Après « Décembre » et « Mélanine », l’artiste nous demande notre consentement pour interpréter « Comme des rames » en piano-voix (et quelle voix !). Moment d’une rare beauté, alors que la pluie s’est remise à tomber. Comme nos larmes. Après la première chanson de son répertoire, voici qu’elle interprète la dernière, « Le roi de la montagne », accompagnée de Joseph Mihalcean à la guitare acoustique, assis tous deux sur le devant de la scène, sous la pluie. Elle précise, toujours pince-sans-rire qu’il s’agit bien d’une chanson sur les violences conjugales et non sur les Snowbirds comme pensait un de ses amis. On pourrait croire ses textes absurdes, on vous invite à y plonger le nez plus sérieusement.

La dernière partie du concert est comme un feu d’artifice Loto-Québec ou un vaudeville. Assise sur les épaules d’un membre de son équipe, elle chante la tragique « Les puits de lumière » à travers le public, lentement, éclairée de bleu. Paul Piché fait ensuite une apparition sur scène, en caméo, tenant la main de Klô. Comme ça, sans rien dire, sans chanter. Arrive l’orageuse « Rémora » en pièce finale.

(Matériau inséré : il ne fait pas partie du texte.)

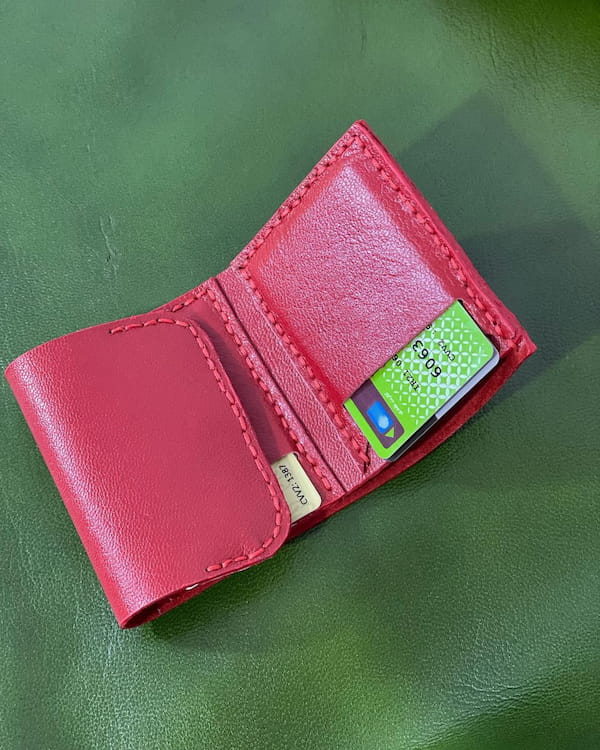عکس-کیف پول زنانه چرم قرمز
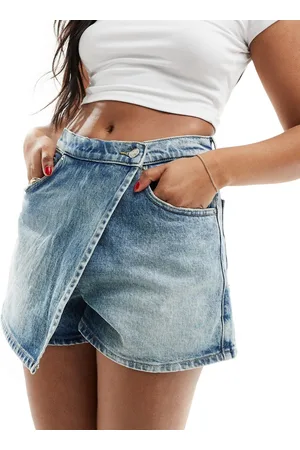 Tommy Hilfiger Mom skort in mid wash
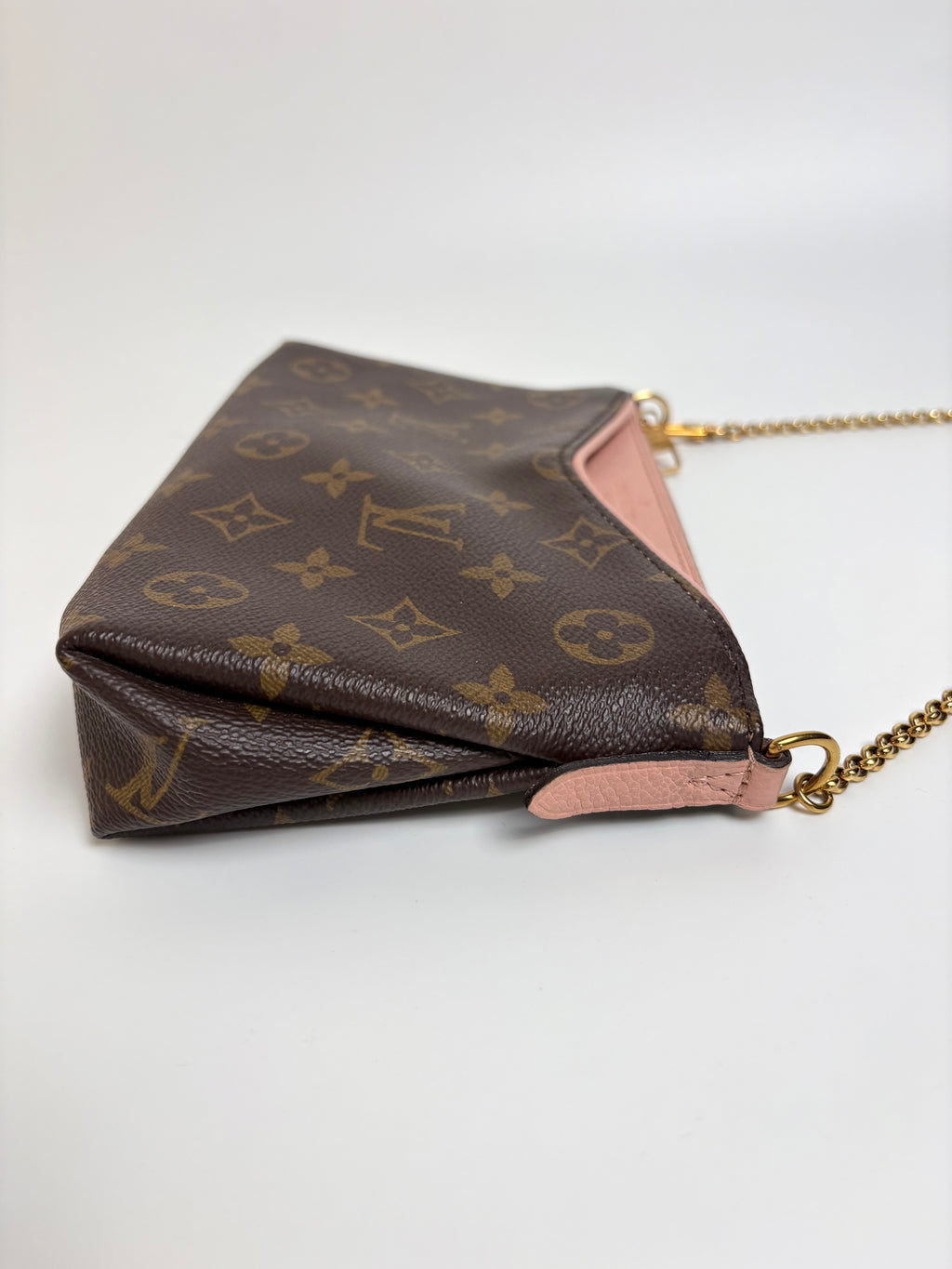 LOUIS VUITTON Monogram Pallas Clutch Rose Poudre Pink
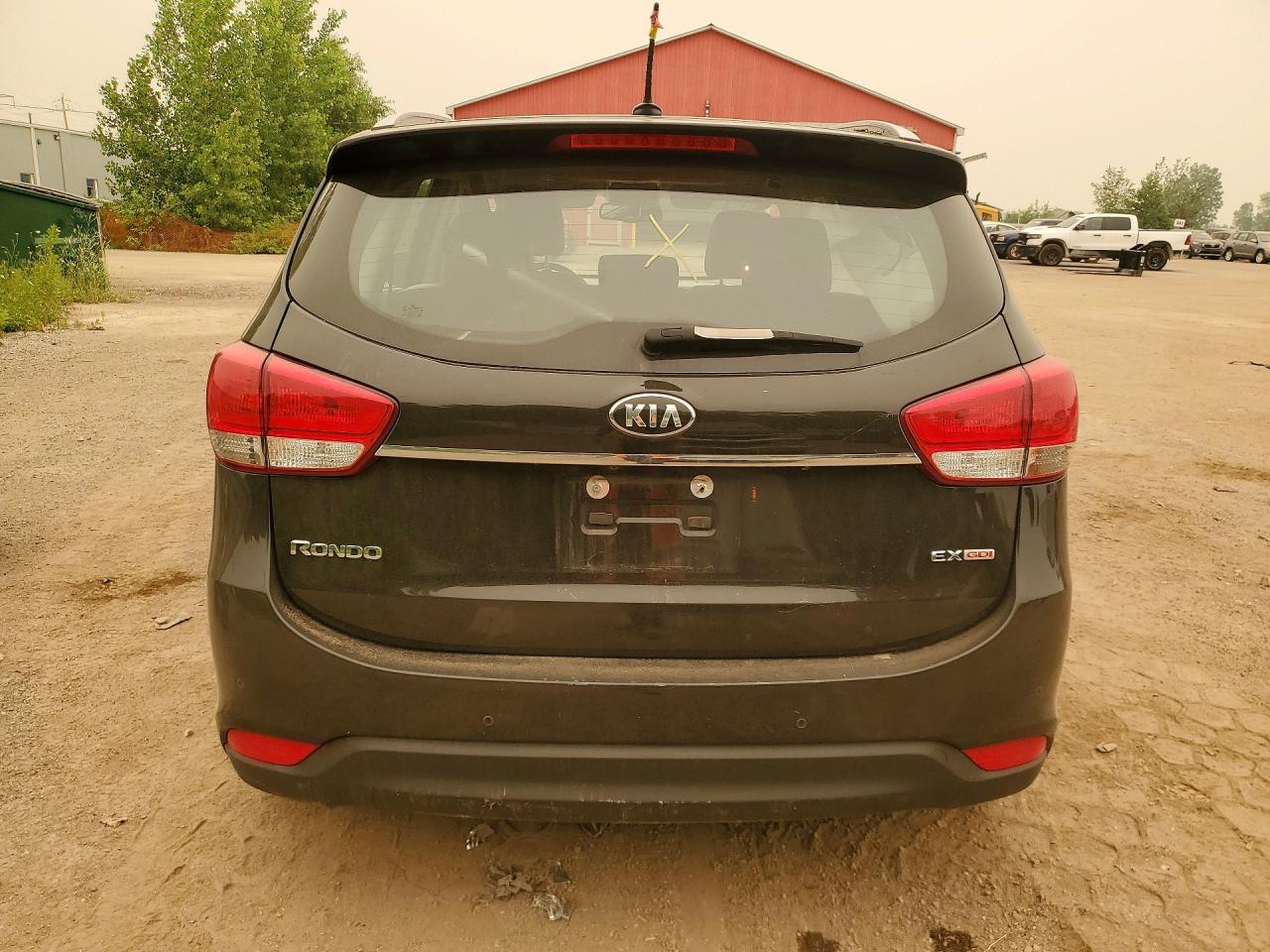 2015 Kia Rondo Black vin: KNAHU8A35F7122722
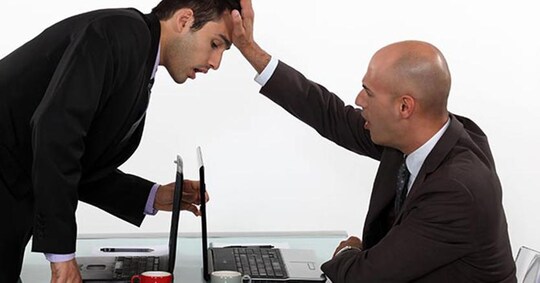 Licenziamento per giusta causa al dipendente che insulti e ...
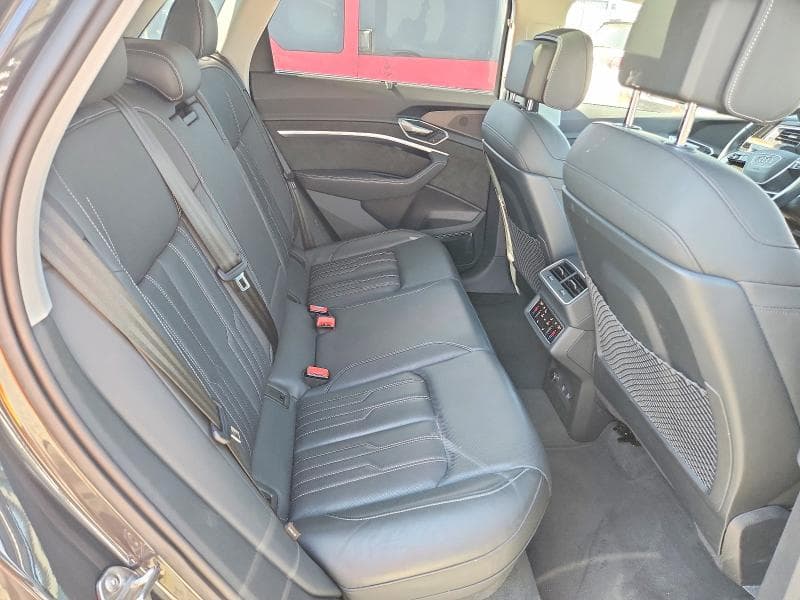 2019 AUDI E-TRON PRESTIGE 11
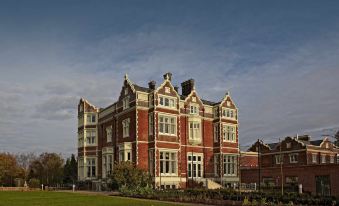 Wivenhoe House Hotel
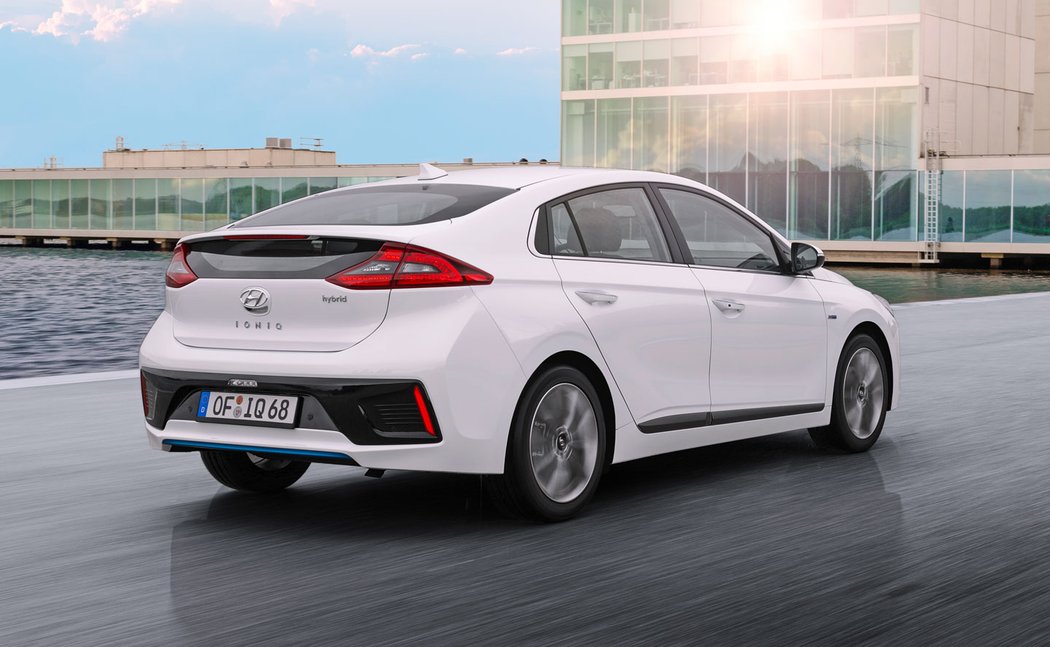 hyundai elektromobil hybrid novemodely zelenaauta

Puis, en guise de rappel, rien d’autre que sa reprise de « Le temps des cathédrales ». Et là, Bruno Pelletier apparaît tel Jésus au lac de Tibériade. Le public est ébahi et chante à tue-tête avec Klô et Bruno Pelletier qui n’a rien perdu vocalement. Fou (voir la vidéo). Le bouquet final débute par la sortie du chapeau de « Les animaux », tirée de L’étoile thoracique (10 ans déjà !) et d’une sortie de scène héroïque sur le thème de Jurassic Park. On est sur le cul (pardonnez la vulgarité). Quel univers, quel culot… quel modèle inspirant de la musique francophone ! Que serait le Québec sans Klô Pelgag ? Chapeau bas.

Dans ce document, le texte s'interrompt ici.